Over the next several weeks here on the HailState Beat we’ll be running a new football-related series each week, a series of series’ if you will, and we start this week with Rising Stars: names you need to know before the season starts. Some of these will be more obvious than others, but the goal will be to single out the players you may not have heard of or who have yet to make a big name for themselves on the field, in no particular order, who will be stars by late November.
Today’s rising star: redshirt sophomore running back Nick Griffin, and it’s important to note he’s a redshirt sophomore. He’s young in terms of playing time, but he’s entering his third year in the program, all of them under the same head coach, offensive coordinator, running backs coach and strength coach. He’s a smart guy as it is, and he’s been around.

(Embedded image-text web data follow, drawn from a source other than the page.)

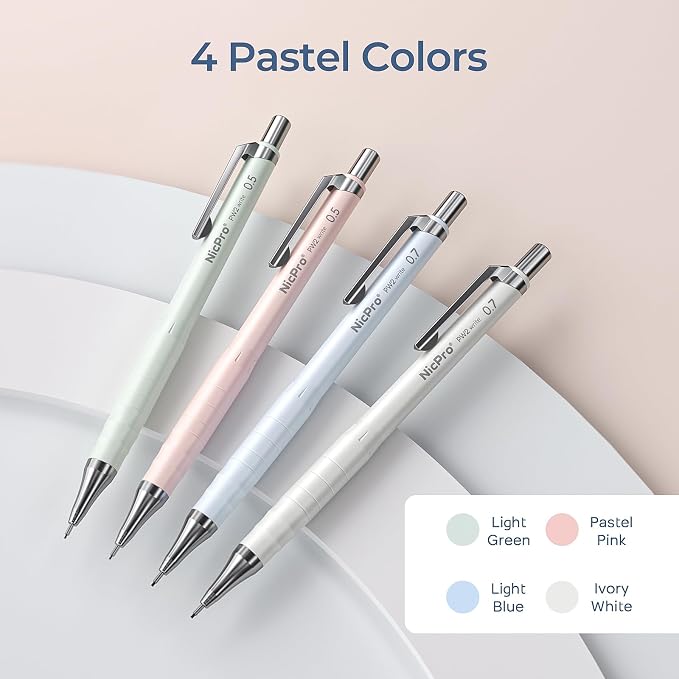Nicpro Cute Mechanical Pencil Set, 4B Erasers, Rotary Retractable Eraser - Image 3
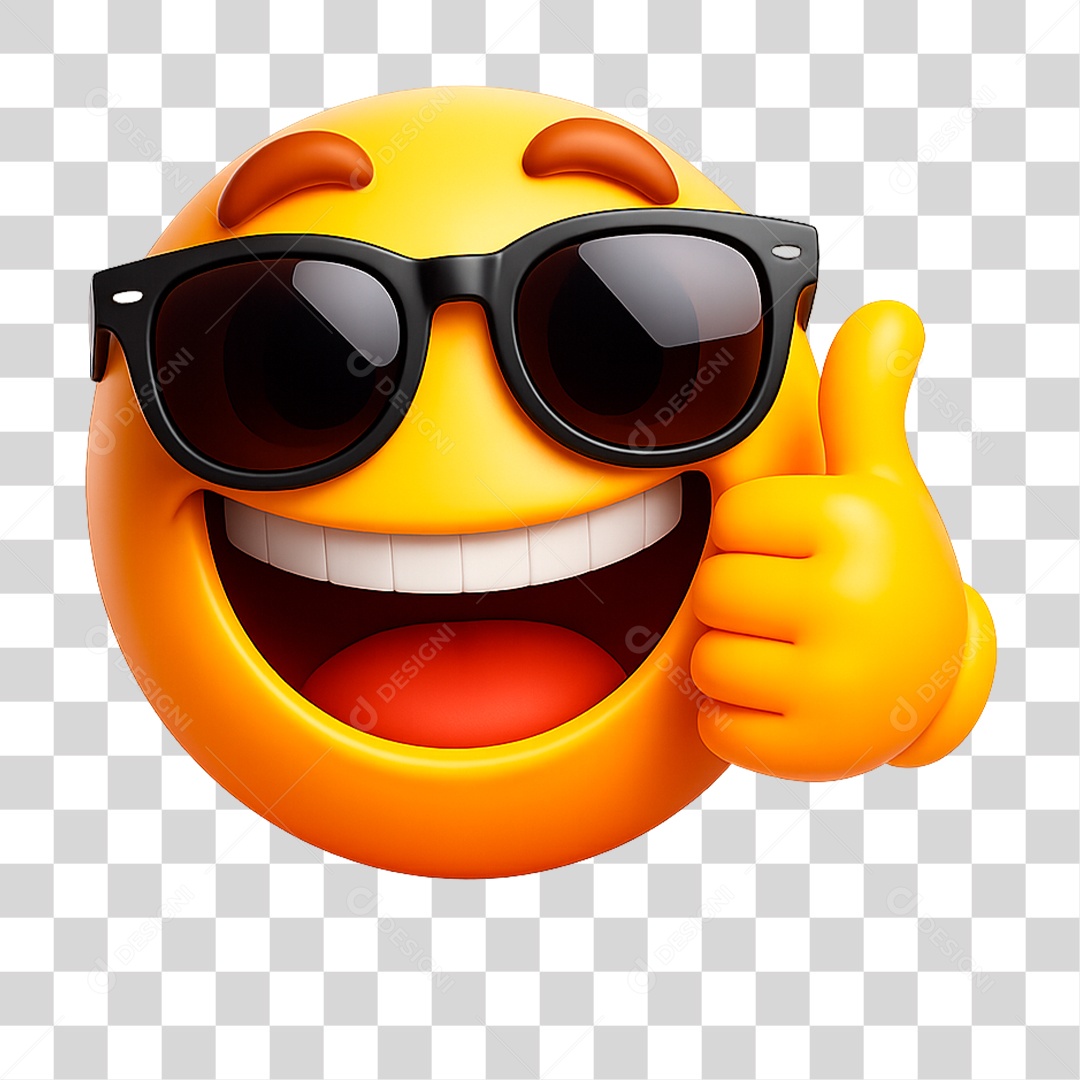 Emoji 3D Fazendo Sinal de Positivo PNG Transparente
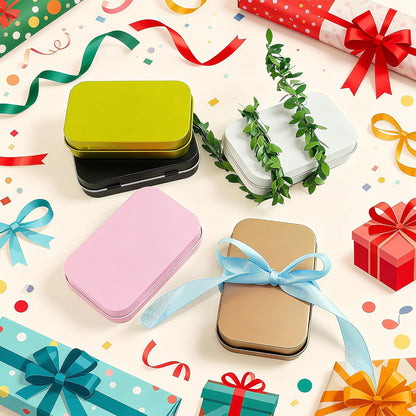 20 Rectangular Metal Tins, 3.7 x 2.4 x 0.9 in for Gift Cards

Griffin finds himself in an interesting position, where roughly a year and-a-half ago, he was seen as the heir apparent to Vick Ballard. Then, a knee injury derailed his short-term hopes of easing the load on Ballard in 2011, leaving LaDarius Perkins as the only secondary back.
Now, Griffin is one of four guys in the deepest backfield Mississippi State has had in some years, including Perkins who is still just a junior. The eldest of the group, Perkins is likely to be the day one starter, but Griffin will be immediately behind him. Freshman Josh Robinson is fast, strong and compact, but until he gets a better grasp of the offense – particularly the blocking, according to offensive coordinator Les Koenning – he will be a clear third, along with fellow freshman Derrick Milton, who has dealt with injuries of his own.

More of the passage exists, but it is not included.